Task description:
Task for the records below: copy exactly from the first line on, stopping once the line with "Welcome to Nokia" is copied, and leave out the pictures.

Stored data:
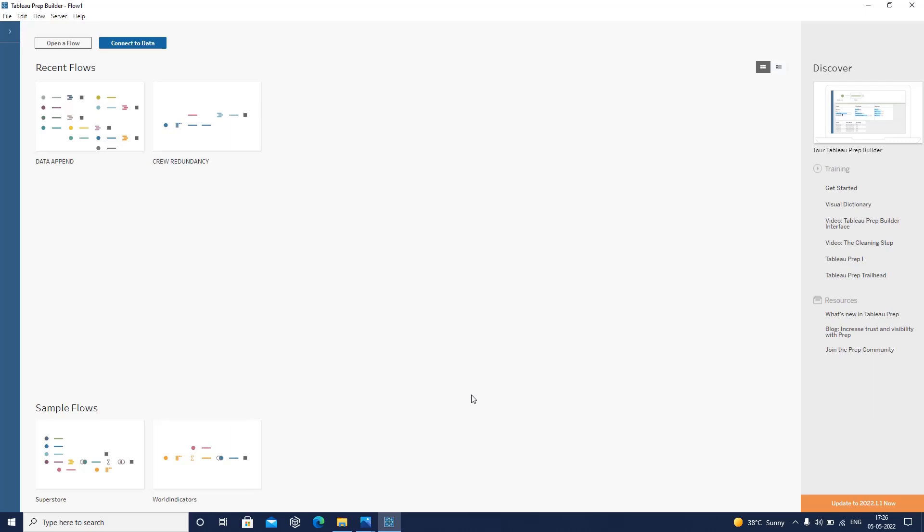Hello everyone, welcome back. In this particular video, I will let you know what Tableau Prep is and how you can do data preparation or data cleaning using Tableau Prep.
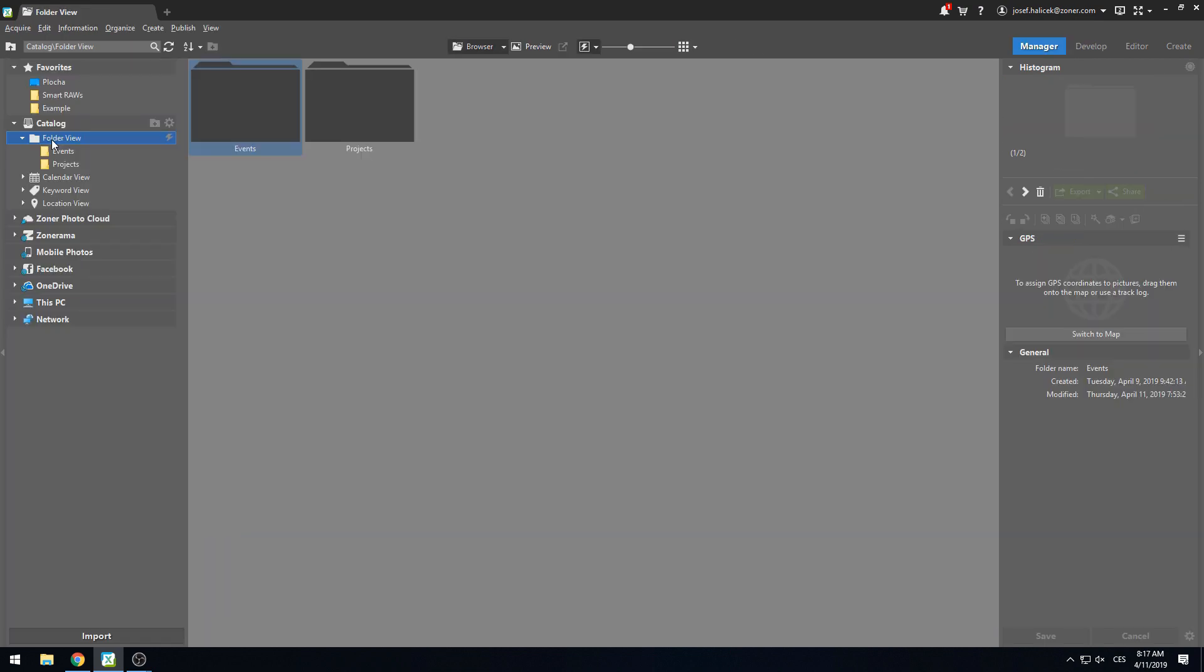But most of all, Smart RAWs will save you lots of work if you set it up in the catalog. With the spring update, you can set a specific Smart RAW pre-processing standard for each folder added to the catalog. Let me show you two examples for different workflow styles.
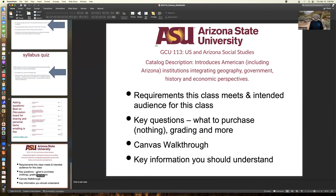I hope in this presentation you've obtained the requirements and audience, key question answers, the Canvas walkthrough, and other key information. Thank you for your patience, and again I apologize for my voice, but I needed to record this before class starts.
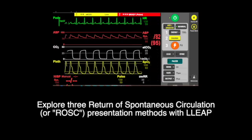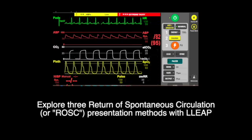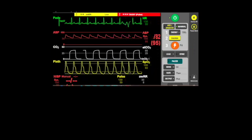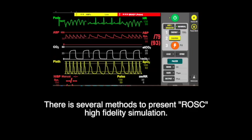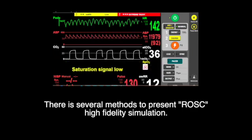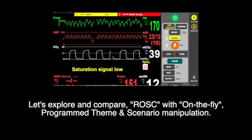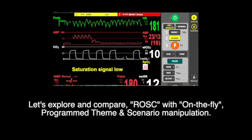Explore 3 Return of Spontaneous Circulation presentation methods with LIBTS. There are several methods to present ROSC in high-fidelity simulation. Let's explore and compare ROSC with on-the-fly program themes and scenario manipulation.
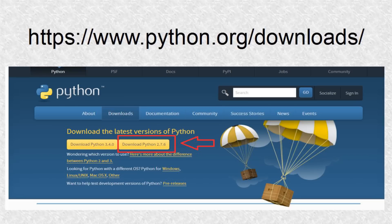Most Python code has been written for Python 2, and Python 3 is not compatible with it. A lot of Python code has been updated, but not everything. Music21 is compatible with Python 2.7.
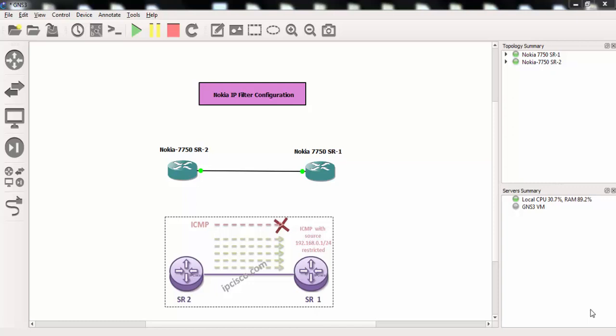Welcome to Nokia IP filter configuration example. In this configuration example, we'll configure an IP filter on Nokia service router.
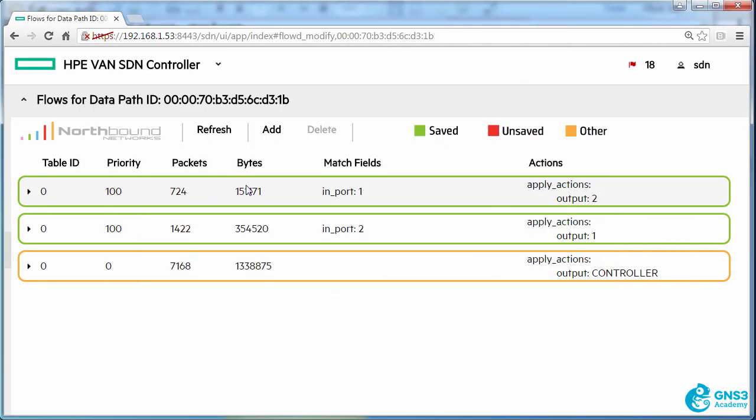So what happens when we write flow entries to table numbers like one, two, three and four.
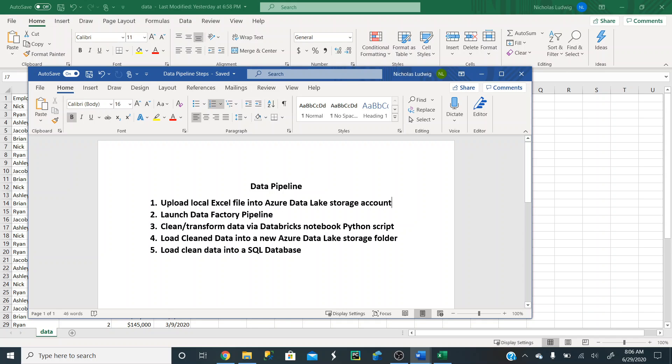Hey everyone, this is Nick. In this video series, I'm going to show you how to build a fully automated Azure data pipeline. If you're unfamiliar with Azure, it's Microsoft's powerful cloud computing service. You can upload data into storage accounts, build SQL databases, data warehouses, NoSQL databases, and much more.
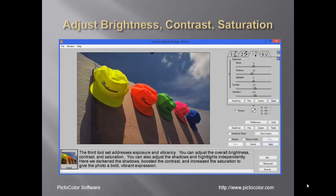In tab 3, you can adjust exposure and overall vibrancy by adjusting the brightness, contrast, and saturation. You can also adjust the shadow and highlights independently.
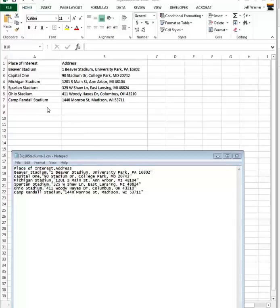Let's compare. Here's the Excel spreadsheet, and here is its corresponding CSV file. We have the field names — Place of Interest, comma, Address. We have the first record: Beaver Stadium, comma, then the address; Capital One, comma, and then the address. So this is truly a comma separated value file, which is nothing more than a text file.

Reply to the exercise:
Hello everyone, welcome back. In this particular video, I will let you know what Tableau Prep is and how you can do data preparation or data cleaning using Tableau Prep.
But most of all, Smart RAWs will save you lots of work if you set it up in the catalog. With the spring update, you can set a specific Smart RAW pre-processing standard for each folder added to the catalog. Let me show you two examples for different workflow styles.
I hope in this presentation you've obtained the requirements and audience, key question answers, the Canvas walkthrough, and other key information. Thank you for your patience, and again I apologize for my voice, but I needed to record this before class starts.
Explore 3 Return of Spontaneous Circulation presentation methods with LIBTS. There are several methods to present ROSC in high-fidelity simulation. Let's explore and compare ROSC with on-the-fly program themes and scenario manipulation.
Most Python code has been written for Python 2, and Python 3 is not compatible with it. A lot of Python code has been updated, but not everything. Music21 is compatible with Python 2.7.
Welcome to Nokia IP filter configuration example. In this configuration example, we'll configure an IP filter on Nokia service router.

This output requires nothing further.